BEGIN Data below

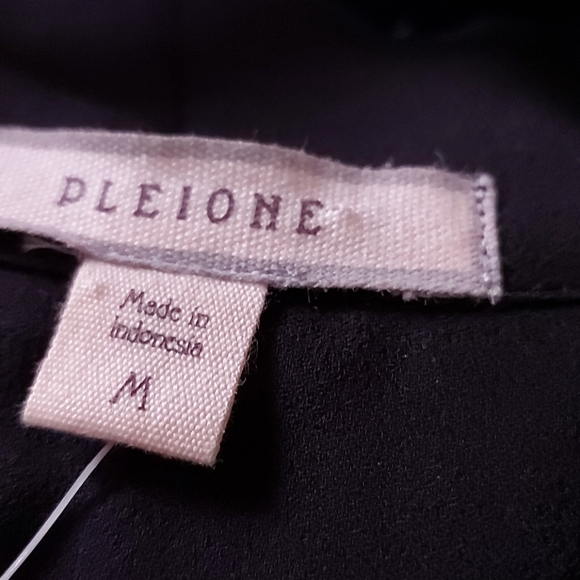 Pleione sleeveless faux wrap blouse black - Picture 5 of 6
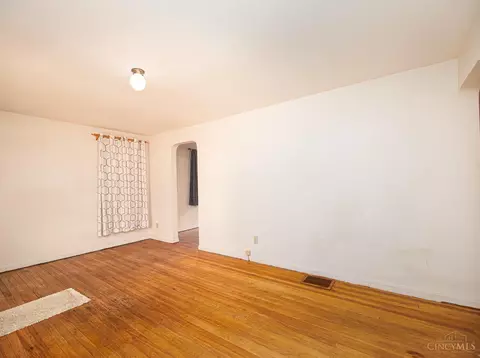 Living - 1277 Prospect Pl, Cincinnati, OH 45231 photo 1 of 1
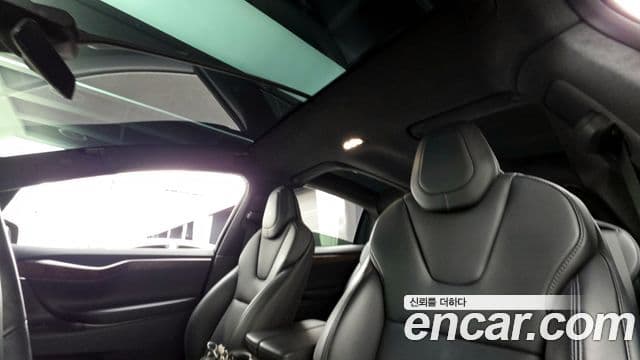 Tesla модель X, 2019 19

END Data below

What the answer must hold: all the data above, given again exactly, without pictures.

 Pleione sleeveless faux wrap blouse black - Picture 5 of 6
 Living - 1277 Prospect Pl, Cincinnati, OH 45231 photo 1 of 1
 Tesla модель X, 2019 19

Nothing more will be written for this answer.